PARADAPOS.COM - Komisi Nasional Hak Asasi Manusia (Komnas HAM) menilai proses hukum kasus penyiraman air keras terhadap aktivis KontraS, Andrie Yunus, tidak berjalan transparan. Lembaga tersebut mengkhawatirkan pengusutan oleh TNI hanya berfokus pada empat tersangka dan berpotensi menutup kemungkinan adanya aktor lain di balik serangan yang terjadi di Jakarta itu. Temuan investigasi Komnas HAM mengindikasikan peristiwa ini merupakan pelanggaran HAM berat yang terencana dan melibatkan lebih banyak orang.
Transparansi Proses Hukum Dipertanyakan
Ketua Komnas HAM, Anis Hidayah, secara gamblang menyampaikan kritiknya terhadap jalannya penyelidikan. Dalam konferensi pers di kantornya, Senin (27/4/2026), ia menyatakan bahwa proses yang dilakukan oleh Pusat Polisi Militer TNI (Puspom TNI) tidak akuntabel.

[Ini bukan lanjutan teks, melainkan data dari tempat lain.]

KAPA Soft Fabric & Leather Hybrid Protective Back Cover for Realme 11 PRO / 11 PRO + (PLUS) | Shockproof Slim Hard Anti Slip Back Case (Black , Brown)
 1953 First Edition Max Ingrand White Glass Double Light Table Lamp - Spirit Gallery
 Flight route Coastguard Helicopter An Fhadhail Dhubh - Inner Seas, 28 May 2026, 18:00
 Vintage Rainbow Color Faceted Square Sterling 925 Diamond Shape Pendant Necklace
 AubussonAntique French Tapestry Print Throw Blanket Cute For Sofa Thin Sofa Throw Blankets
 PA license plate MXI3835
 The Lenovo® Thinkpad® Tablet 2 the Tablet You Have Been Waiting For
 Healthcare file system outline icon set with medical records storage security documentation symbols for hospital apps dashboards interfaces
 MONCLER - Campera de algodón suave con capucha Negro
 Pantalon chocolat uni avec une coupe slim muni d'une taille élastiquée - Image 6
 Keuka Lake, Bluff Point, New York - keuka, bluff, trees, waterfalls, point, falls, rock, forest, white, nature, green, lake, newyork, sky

"Proses penyelidikan dan penyidikan yang dilakukan oleh Puspom TNI tidak transparan dan akuntabel dalam mengungkap kasus penyerangan tersebut. Penegakan hukum atas hanya kepada 4 orang tersangka berisiko menutup celah pengungkapan adanya pelaku lain," ujar Anis.
Menurutnya, langkah investigasi yang terbatas justru kontraproduktif. Alih-alih mengungkap fakta secara utuh, pendekatan ini dinilai justru menyisakan ruang gelap yang menutup celah bagi keterlibatan pihak lain yang mungkin memiliki peran lebih besar.
Serangan Terencana Bernuansa Operasi Intelijen
Lebih dari sekadar aksi kriminal biasa, Komnas HAM melihat adanya pola yang sistematis dalam penyerangan terhadap Andrie Yunus. Anis menjelaskan, temuan di lapangan menunjukkan koordinasi yang rapi antar pelaku, mulai dari penggunaan asam sulfat (H2SO4) sebagai alat serangan hingga fakta bahwa pelaku utama adalah anggota TNI aktif dari Badan Intelijen Strategis (BAIS) TNI.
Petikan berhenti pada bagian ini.